===== Dataset excerpt

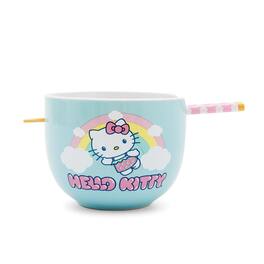 Silver Buffalo - Sanrio Hello Kitty Rainbow 20-Ounce Ceramic Ramen Bowl With Chopsticks - Blue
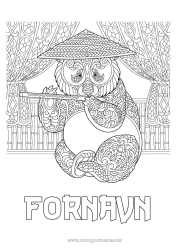 Gratis fargelegging Rolig og zen Mandala Dyr Japan Musikk Panda Hatt Kina Komplekse fargelegginger Zentangle Anti-stress Andre dyr i verden Musikkens dag Musikkinstrumenter Fløyte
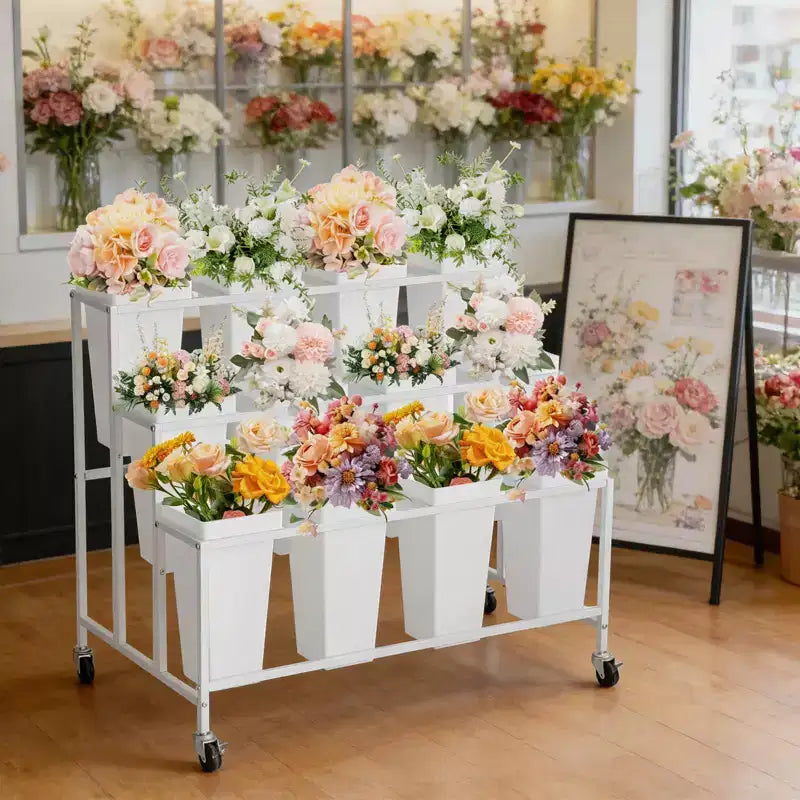 Coolmee Présentoir à fleurs avec 12 seaux carrés, Chariot à fleurs en métal avec roues pour patio, jardin, magasin, intérieur et extérieur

==========

## What this task involves
Print every line of the data exactly. Pictures do not belong in the copy.

## Answer to this exercise
 Silver Buffalo - Sanrio Hello Kitty Rainbow 20-Ounce Ceramic Ramen Bowl With Chopsticks - Blue
 Gratis fargelegging Rolig og zen Mandala Dyr Japan Musikk Panda Hatt Kina Komplekse fargelegginger Zentangle Anti-stress Andre dyr i verden Musikkens dag Musikkinstrumenter Fløyte
 Coolmee Présentoir à fleurs avec 12 seaux carrés, Chariot à fleurs en métal avec roues pour patio, jardin, magasin, intérieur et extérieur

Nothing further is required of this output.